El vuelo discurre normalmente. Vamos en automático hasta que emproamos la pista del aeropuerto de Dresden, «que será cuando dejemos la ciencia y nos pondremos en manos del arte, pues seremos nosotros quienes lo guiemos hasta que aterrice», dice el comandante. «El avión está preparado para aterrizar en automático, hasta incluso para frenar. Eso sí, desde aquí debemos de sacar el tren de aterrizaje y los flap».
Porque, no sé si lo sabían (servidor no, mañana me compro el fligt simulator): el avión puede llevar programado todo el vuelo a través del ordenador que reposa en el centro, por debajo de aquel cuadro de relojitos que marcan y miden alturas, presiones, longitudes, latitudes, y que sólo entienden los pilotos, entre los que se encuentra uno, de mayor tamaño, llamado TCAS, que por lo visto es el que avisa del peligro que supone cuando aparece otro avión en la misma ruta sin que nadie se haya apercibido de ello.

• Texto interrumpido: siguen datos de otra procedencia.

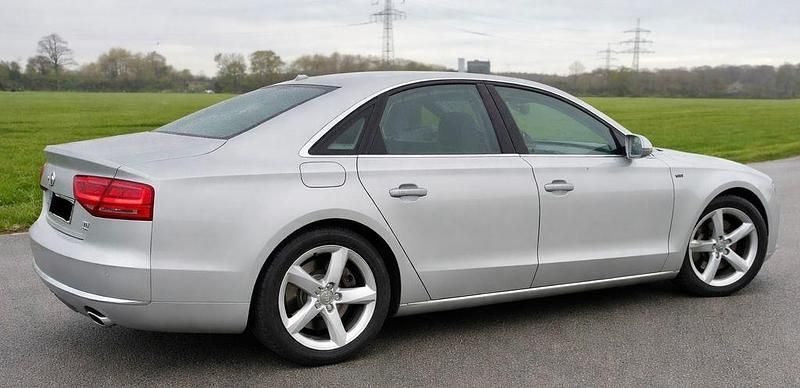 Gebraucht Audi A8 Comfort 351 PS (258 kW) 2010 Silber Limousine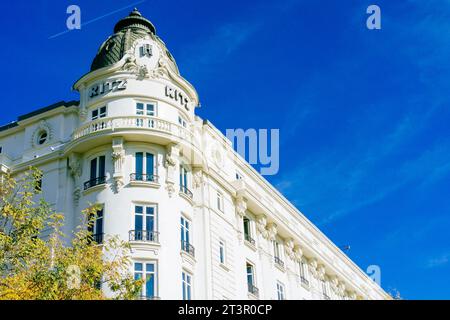 Le Mandarin Oriental Ritz de Madrid est un hôtel historique cinq étoiles belle époque situé à Madrid, en Espagne, au n°5 du quartier du Retiro, à côté du musée du Prado. Banque D'Images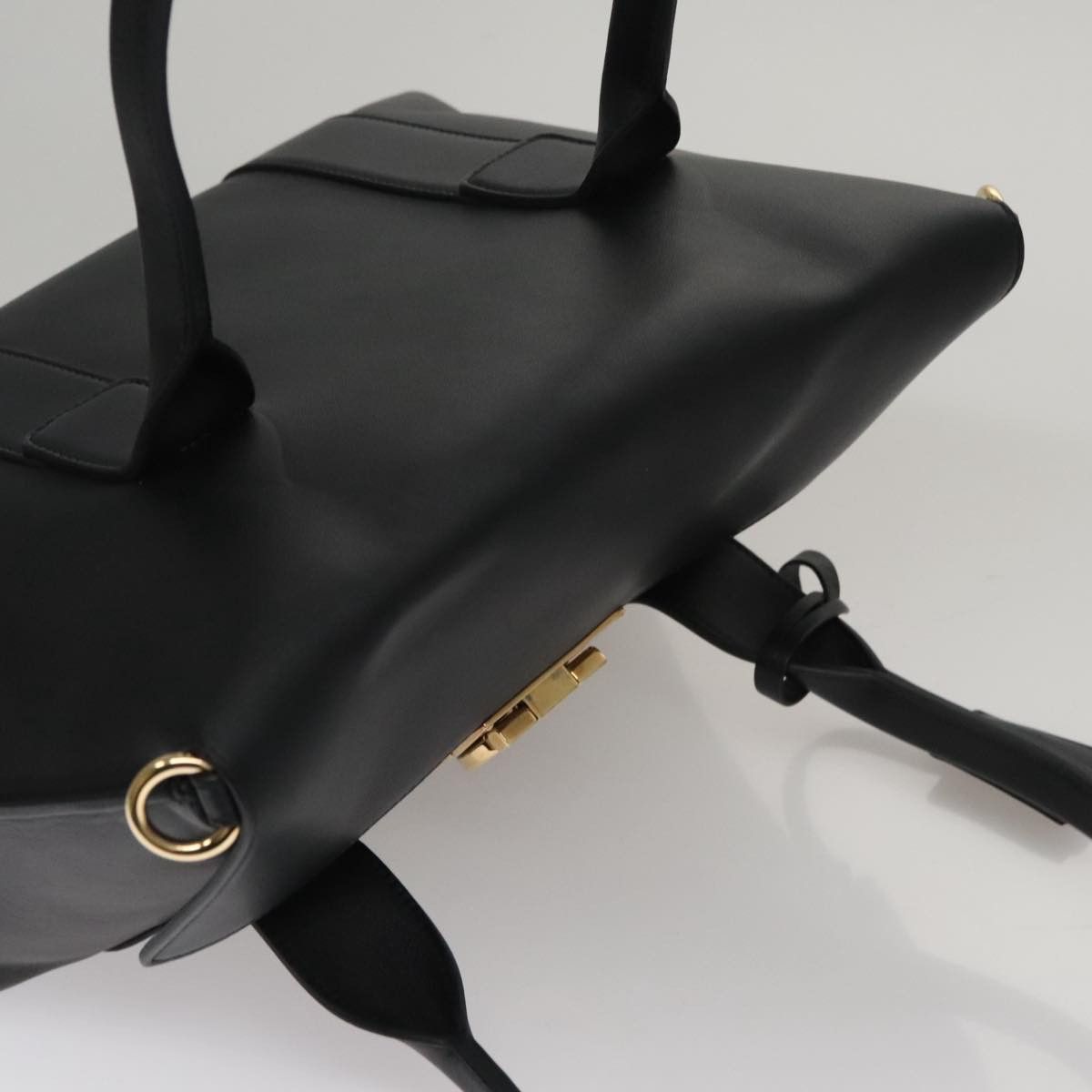 Salvatore Ferragamo Sookie Black Leather Handbag (Pre-Owned) Size ONE SIZE - 14 Thumbnail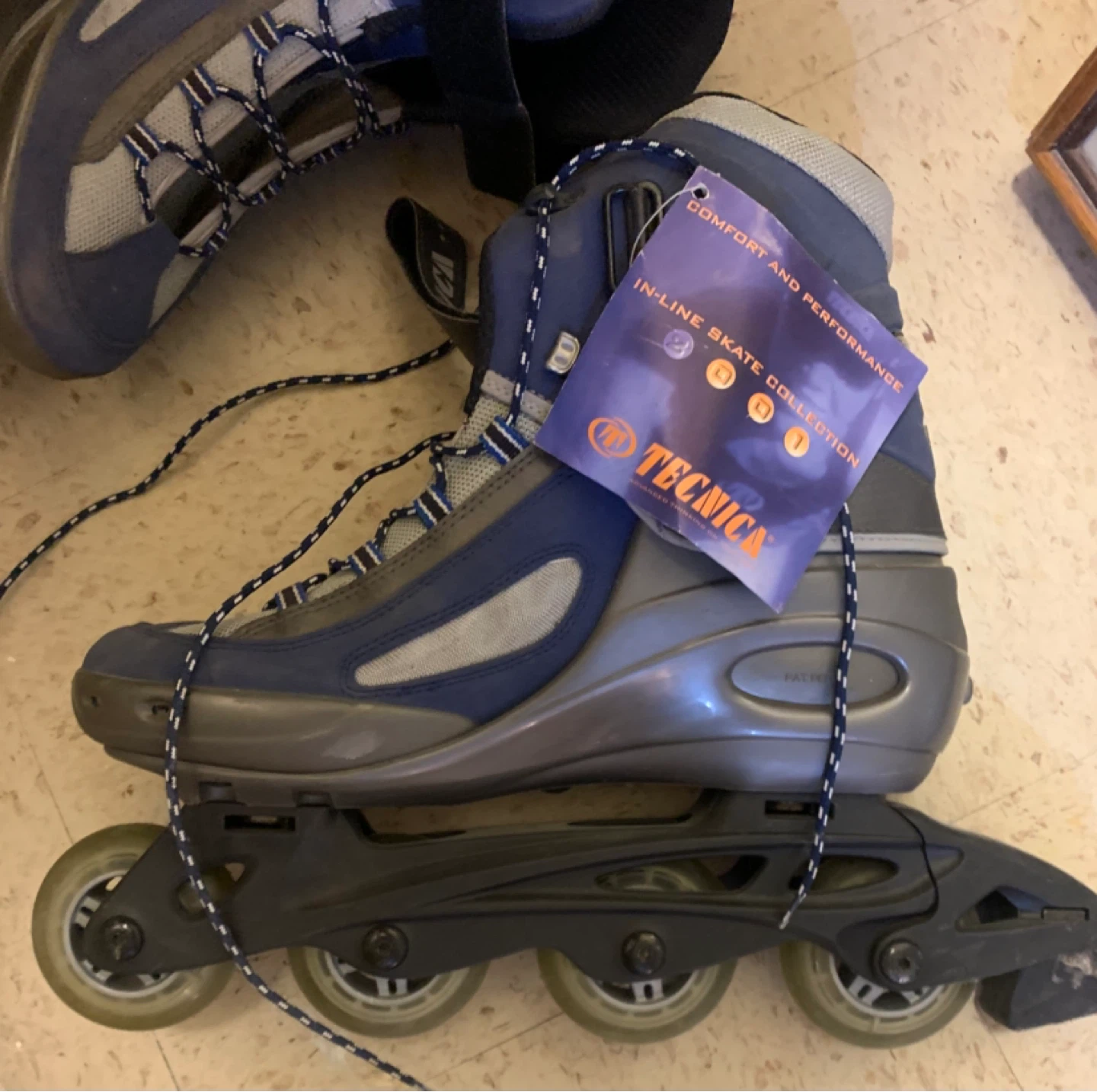 Tecnica In-line Skate Rollerblades size 10-11 - photo 3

Estamos volando con viento de 44 nudos de cara. De regreso, como lo llevaremos de cola, el viaje durará media hora menos. ¿Que cómo andamos de carburante? Bien. Se han cargado 15.000 kilos de queroseno, y así no hay que repostar en Dresden, pues es suficiente para ir y volver. Alguna vez interrumpen la conversación para atender a los constroladores. «Hablan un inglés perfecto, mejor que si fueran ingleses. Y te lo dan todo exacto: sota, caballo y rey. Sin problemas». En el aterrizaje, al ir vacíos "el avión pesa 36 toneladas, la mitad de cuando va a tope", con media pista nos basta.